Salah satu anggota DPRemaja dari Lampung mengungkap fakta, jika puntung rokok menjadi salah satu sampah terbanyak di kawasan olahraga, mencemari lingkungan dan merusak ruang publik. Adapun, anggota DPRemaja lainnya dari Jawa Tengah yang menunjukkan keberhasilan pada program diversifikasi tanaman non-tembakau untuk para petani lokal sebagai upaya untuk membuka peluang baru di sektor pertanian yang lebih sehat dan berkelanjutan.
Temuan dari para anggota DPRemaja tersebut juga turut disampaikan kepada pemangku kebijakan di daerahnya melalui kampanye publik hingga audiensi secara langsung, baik kepada pejabat daerah setempat maupun calon Gubernur atau Calon Wali Kota di masing-masing wilayah reses mereka.
Harapannya, terdapat perubahan kebijakan pengendalian rokok yang lebih kuat hingga ke level daerah. Hal ini pun dituangkan dalam buku rekomendasi kebijakan yang disampaikan dalam acara tersebut.
Perwakilan Stravenues, Pradamas Gifarry menyoroti lemahnya penegakan Peraturan Kawasan Tanpa Rokok (KTR). Ditegaskannya, banyak fasilitas umum seperti taman dan halte masih menjadi ruang abu-abu bagi perokok.
"Pengawasan lebih ketat sangat diperlukan untuk memastikan ruang publik yang ramah anak dan bebas rokok,” kata dia.
Wakil Ketua Komisi IX DPR RI, Netty Prasetiyani Heryawan mengungkapkan, tingginya prevalensi perokok muda di Indonesia sangat mengkhawatirkan. Dia menyampaikan, rokok telah menjadi komoditi terbesar kedua setelah beras pada masyarakat kelas ekonomi kecil.
"Masalah ini harus segera diatasi dan beriringan dengan aspek monitoring dan evaluasi,” kata Netty.
Dukungan serupa disampaikan Direktur P2PTM, Kementerian Kesehatan, Siti Nadia Tarmizi menggarisbawahi pentingnya fokus pada pencegahan anak-anak merokok. Pasalnya berdasarkan data yang ada, para perokok memulai kebiasaan ini di 15-19 tahun.

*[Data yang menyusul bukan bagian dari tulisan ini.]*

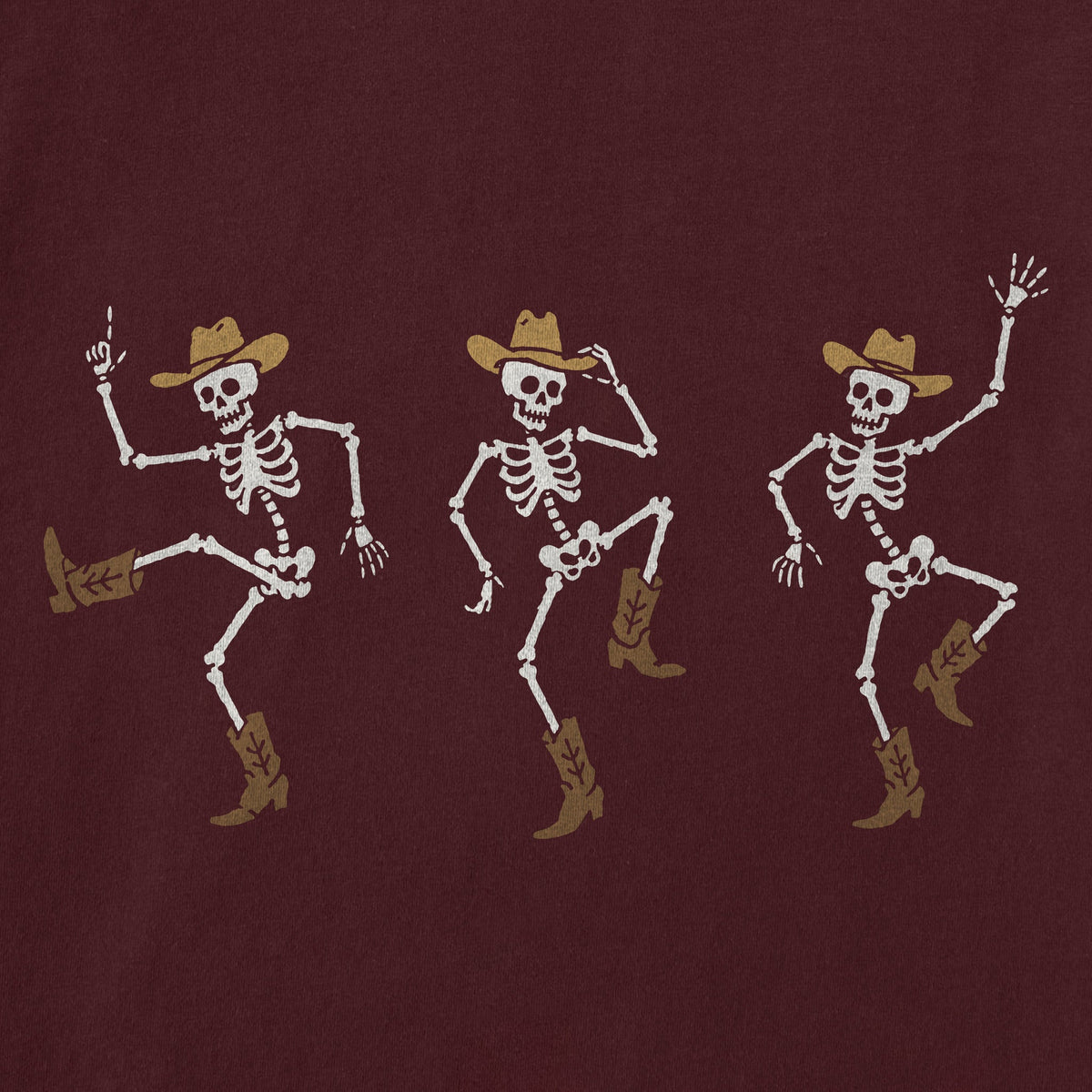 Women's Three Cowboy Skeletons Short Sleeve Crusher Tee product image 2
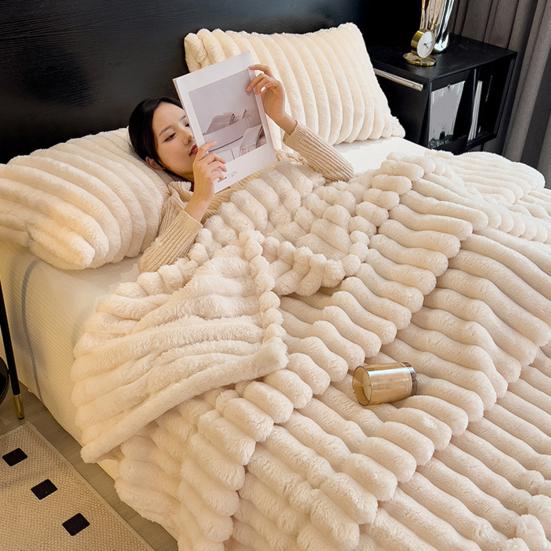 Плед из искусственного кроличьего меха, Пузырчатое одеяло, Теплое одеяло, Пушистое одеяло, Плюшевое уютное толстое пушистое одеяло
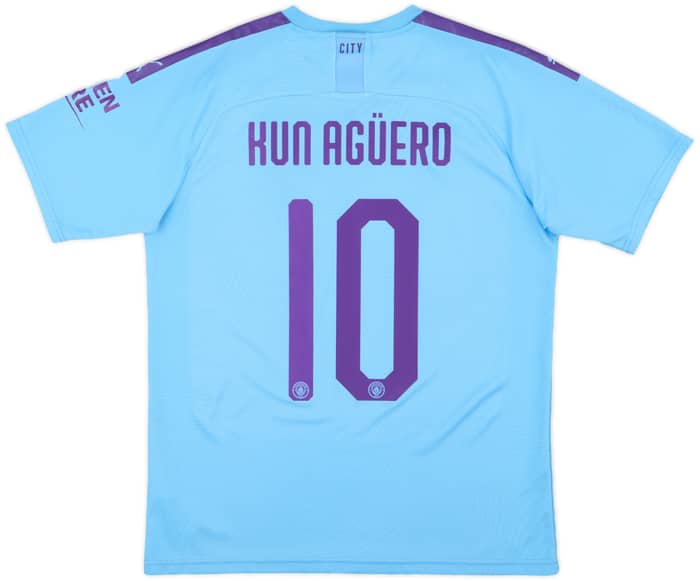 2019-20 Manchester City Home Shirt Kun Aguero #10 - 8/10 - (L)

"Masalah lainnya, permasalahan tingginya angka stunting juga disebabkan karena perilaku merokok. Anak dari orang tua perokok memiliki risiko 5,5 persen lebih tinggi terindikasi stunting dibanding anak dari orang tua bukan perokok. Maka itu jika ingin menurunkan angka kejadian stunting, kita harus mengendalikan faktor penyebabnya dulu, salah satunya merokok,” jelas Nadia.